You can’t kill a process until you know its PID (Process ID), the unique number the kernel assigns to every running process. There are several ways to find it.
The classic approach is `ps aux` piped into `grep`:
“`bash
ps aux | grep nginx
“`
The second column is the PID — that’s the number you’ll feed to `kill`. One annoyance: `grep` often matches *itself* in the output. Filter it out like this:
“`bash
ps aux | grep [n]ginx “`
A cleaner, purpose-built tool is `pgrep`, which returns just the PIDs:
“`bash
pgrep nginx
pgrep -a nginx
pgrep -f “python myscript.py” “`
For an interactive, live view, use `top` (installed everywhere) or `htop` (nicer, often needs installing):
“`bash
top
htop “`
In `top`, press `k`, type the PID, and choose a signal. In `htop`, highlight a process, press F9, and pick the signal from the menu. These are ideal when you’re hunting down *what* is hammering the server, not just stopping something you already know.
How do you kill a process by its PID?
Once you have the PID, the simplest command is:
“`bash
kill 4821 “`
That’s it. Notice there’s no `-9`, no flags — just `kill
If you want to be explicit, these three commands are identical:
“`bash kill 4821 # default signal is SIGTERM kill -15 4821 # SIGTERM by number kill -TERM 4821 # SIGTERM by name “`
What are Linux signals, and which ones matter?

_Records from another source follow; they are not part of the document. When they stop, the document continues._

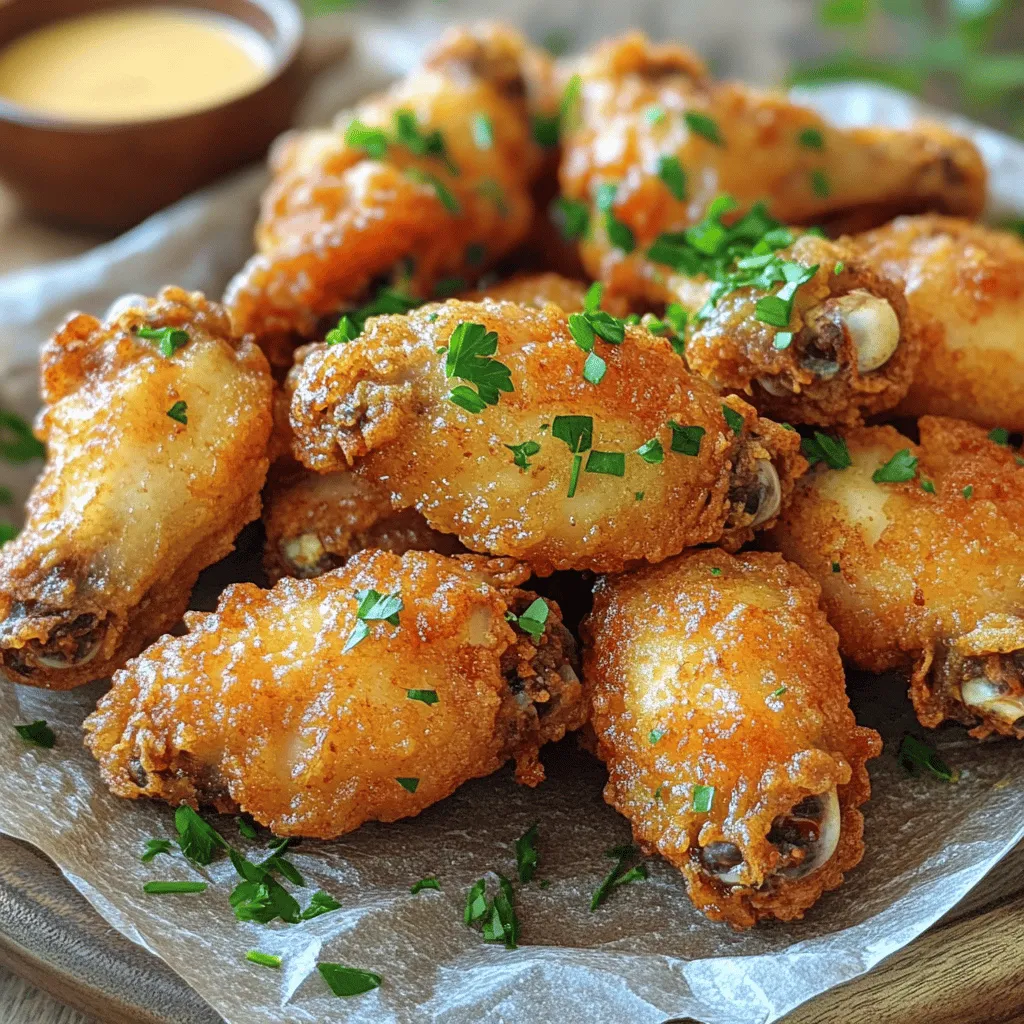 - 2 lbs chicken wings - 1 cup buttermilk - 1 cup all-purpose flour - ½ cup cornstarch - 1 tablespoon garlic powder - 1 teaspoon onion powder - 4 cloves garlic, minced - Salt and pepper to taste - Oil for frying When I create crispy garlic fried chicken wings, I focus on fresh, quality ingredients. The chicken wings are the star here. They should be plump and juicy. Buttermilk gives them a tender texture. It also adds a subtle tang that pairs well with garlic. Next, we need a good coating. All-purpose flour and cornstarch work together to create a crisp outer layer. Garlic powder and onion powder add depth to the flavor. You can also sprinkle in a touch of paprika for a mild smokiness. Don't forget the garlic! Fresh garlic is key to that bold taste. As for the oil, choose one with a high smoke point, like canola or peanut oil. This ensures the wings fry evenly and get crispy. With these ingredients, you can transform simple wings into a flavorful delight. Check the [Full Recipe] for all the steps to make this dish come alive! To marinate chicken wings, start by placing them in a large bowl. Pour the buttermilk over the wings. Mix the wings well, so each one gets coated. Cover the bowl with plastic wrap. Refrigerate the wings for at least 2 hours. If you have time, marinate them overnight. This helps the wings become tender and flavorful. In a separate bowl, mix the dry ingredients. Combine all-purpose flour, cornstarch, garlic powder, onion powder, paprika, baking powder, and a good pinch of salt and pepper. Stir until everything is well blended. A good coating is key for crispy wings. It creates a crunchy texture that balances the juicy meat inside. Heat the oil in a deep frying pan. Make sure to use enough oil to cover the wings. Aim for about 2-3 inches deep. Heat the oil to 350°F (175°C). Use a cooking thermometer to check the temperature. When frying, add the wings in small batches. Do not overcrowd the pan. This keeps the oil hot and helps the wings stay crispy. Fry each batch for 10-12 minutes. Look for a golden-brown color for perfect doneness. After frying, place the wings on paper towels to remove excess oil. - Best oil for frying: Use oils with high smoke points. Peanut oil or canola oil works best. These oils help the wings fry up nice and crispy. - Importance of resting wings before frying: Let the wings rest for about 15 minutes after coating. This helps the breading stick better and makes each bite more crunchy. - Adding spices for extra flavor: You can boost the taste by adding cayenne or chili powder. These spices give a nice kick to your wings. Experiment with your favorite herbs or spices for a personal touch. - Suggestions for dipping sauces: Serve your wings with ranch or blue cheese for classic pairs. You can also try honey mustard or spicy sriracha for a twist. - Garnishing with parsley: A sprinkle of fresh parsley adds color and freshness. This simple touch makes your dish look gourmet. - Arranging on a platter: Place wings on a large platter. Line it with parchment paper for a rustic look. You can also add lemon wedges for a pop of color and flavor. Serve them hot for the best experience. For the full recipe, check out the details provided earlier. {{image_4}} To make spicy garlic wings, add heat to the mix. Start by adding hot sauce to the buttermilk marinade. This adds a nice kick to your wings. You can also mix in chili powder into the coating. This will give your wings a spicy crunch. If you seek a healthier option, consider baking the chicken wings. To do this, preheat your oven to 425°F (220°C). Place the coated wings on a baking sheet lined with parchment paper. Bake for about 30-40 minutes. Flip the wings halfway through to ensure even cooking. You may not get the same crispiness as frying, but they still taste great! You can toss your wings in various sauces after frying. Try a classic buffalo sauce or a tangy barbecue sauce. For something sweet, you can make a honey garlic sauce. Just mix together honey, soy sauce, and minced garlic in a small pot. Heat until smooth, then toss your wings in it. This adds a delicious sweet and savory touch. For the full recipe, try the Crispy Garlic Fried Chicken Wings. You won’t be disappointed! To keep your crispy garlic fried chicken wings fresh, follow these tips: - Allow wings to cool down. - Place wings in an airtight container. - Store them in the fridge for up to 3 days. - For best taste, eat them within 24 hours. I recommend using glass containers for storage. They are safe and help keep odors away. If you use plastic, select BPA-free containers to avoid harmful chemicals. To enjoy wings again, reheating correctly is key: - Oven Method: Preheat your oven to 350°F (175°C). Place wings on a baking sheet. Bake for 10-15 minutes until crispy. - Microwave Method: Place wings on a microwave-safe plate. Heat for 1-2 minutes. This method is quick but may make them less crispy. For the best texture, I suggest using the oven. It brings back the crunch. If you want to save wings for later, freezing works well: - Cool wings completely before freezing. - Wrap them tightly in plastic wrap or foil. - Place wrapped wings in a freezer bag. To thaw, move wings to the fridge for 12 hours before reheating. This method keeps the flavor and texture intact. Enjoy your crispy garlic fried chicken wings from the freezer! For the full recipe, check out the section above. I recommend marinating chicken wings for at least 2 hours. For the best flavor, try to marinate them overnight. This longer time helps the wings soak up the buttermilk. The acid in the buttermilk makes the meat tender and juicy. The best oils for frying chicken wings are canola and peanut oil. Both have high smoke points, around 400°F (204°C). This means they can cook the wings well without burning. Olive oil is not a good choice here, as it has a lower smoke point and can burn quickly. Yes, you can make these wings in an air fryer! To do this, coat the wings as usual. Preheat the air fryer to 375°F (190°C). Place the wings in a single layer in the basket. Cook for 25-30 minutes, flipping halfway through. This gives you crispy wings with less oil. To check if chicken wings are done, use a meat thermometer. The internal temperature should reach 165°F (74°C). If you don’t have a thermometer, look for the wings to be golden brown and crispy. The juices should run clear when pierced. In this article, we covered how to make crispy garlic fried chicken wings. You learned about the key ingredients, from chicken wings to seasonings. I shared step-by-step instructions for marinating, coating, and frying. You also discovered tips for crispiness and flavor variations. Enjoy experimenting with these wings at your next gathering. Try different sauces or cooking methods. Your taste buds will thank you! Perfectly cooked chicken wings can bring joy to any meal.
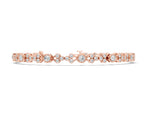 Rose gold Round Cut Diamond Tennis Bracelet with Bezel Setting and Milgrain Band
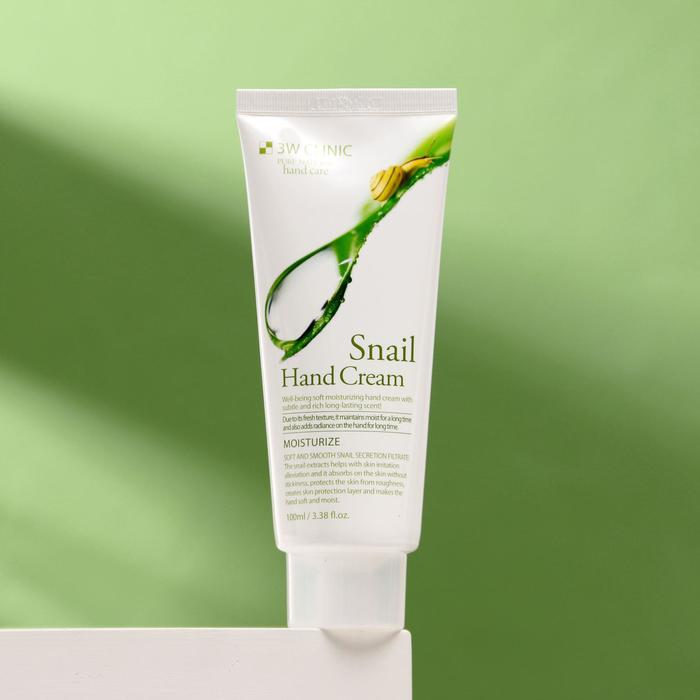 3W Clinic Увлажняющий крем для рук с экстрактом муцином улитки Moisturizing Snail Hand Cream, 100ml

A “signal” is a small message the kernel delivers to a process telling it to do something. `kill` doesn’t actually *kill* anything by itself — it sends a signal, and the process decides how to respond. You can list every signal with `kill -l`. In practice, three matter most for terminating processes.
| Signal | Number | What it does | When to use it |
|---|---|---|---|
| SIGTERM | 15 | Polite request to terminate. The process can catch it, clean up (flush data, close files, release locks), and exit gracefully. This is the default. | Almost always — your first choice. |
| SIGKILL | 9 | Force kill. Cannot be caught, blocked, or ignored. The kernel terminates the process instantly with no cleanup. | Last resort, when SIGTERM is ignored. |
| SIGHUP | 1 | “Hang up.” Historically a terminal disconnect; many daemons treat it as “reload your config” instead of dying. | Reloading a service (e.g. nginx) without a full restart. |
The syntax is the same for all of them — just change the number or name:
“`bash kill -15 4821 # SIGTERM (graceful) kill -9 4821 # SIGKILL (force) kill -1 4821 # SIGHUP (often a config reload) kill -HUP 4821 # same thing, by name “`
The reflexive `kill -9` that everyone reaches for is actually the wrong first move — and understanding why makes you a better administrator.

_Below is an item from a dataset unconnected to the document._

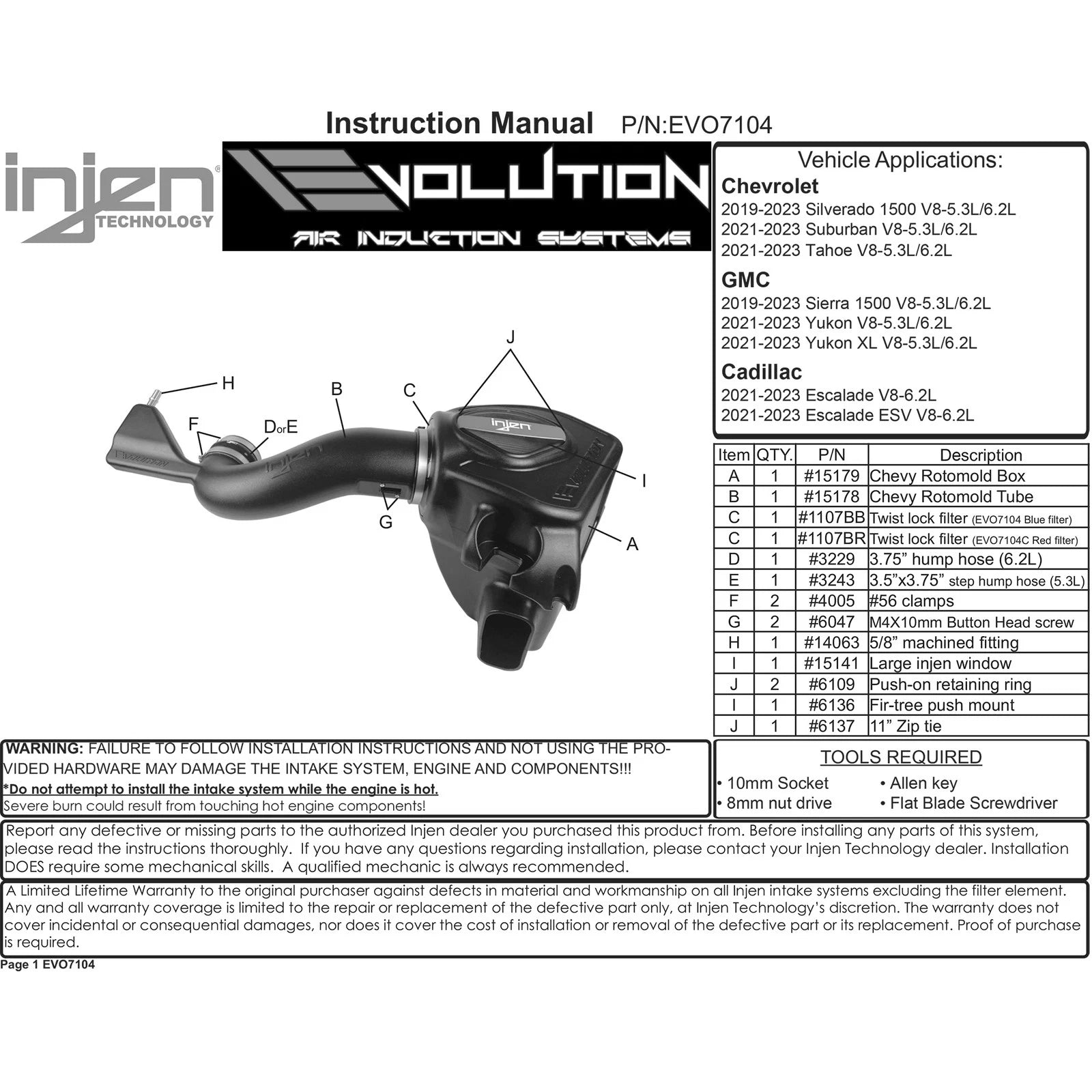 Injen Evolution Intake | Chevrolet Silverado 1500 / Sierra 3500 HD / Suburban / Tahoe / Yukon XL (14-26) (EVO7104C)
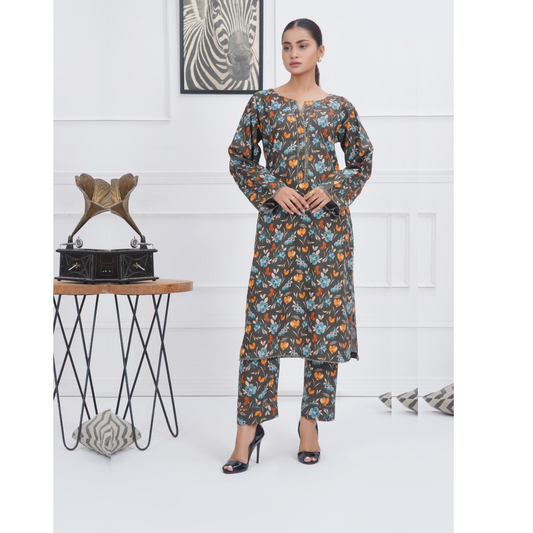 Multi 2 Pc floral Printed Khaddar Pakistani Co-Ords Set | Ready to wear| Hayats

`kill -9` sends SIGKILL, which the process *cannot catch, block, or handle*. The kernel simply terminates it instantly. That sounds like exactly what you want when something is stuck — but here’s the catch: the process gets no chance to clean up. It can’t flush unsaved data to disk, close open files properly, release locks it’s holding, or finish a database transaction it was halfway through. So `kill -9` can leave behind corrupted files, stuck lock files, orphaned resources, or a half-written database.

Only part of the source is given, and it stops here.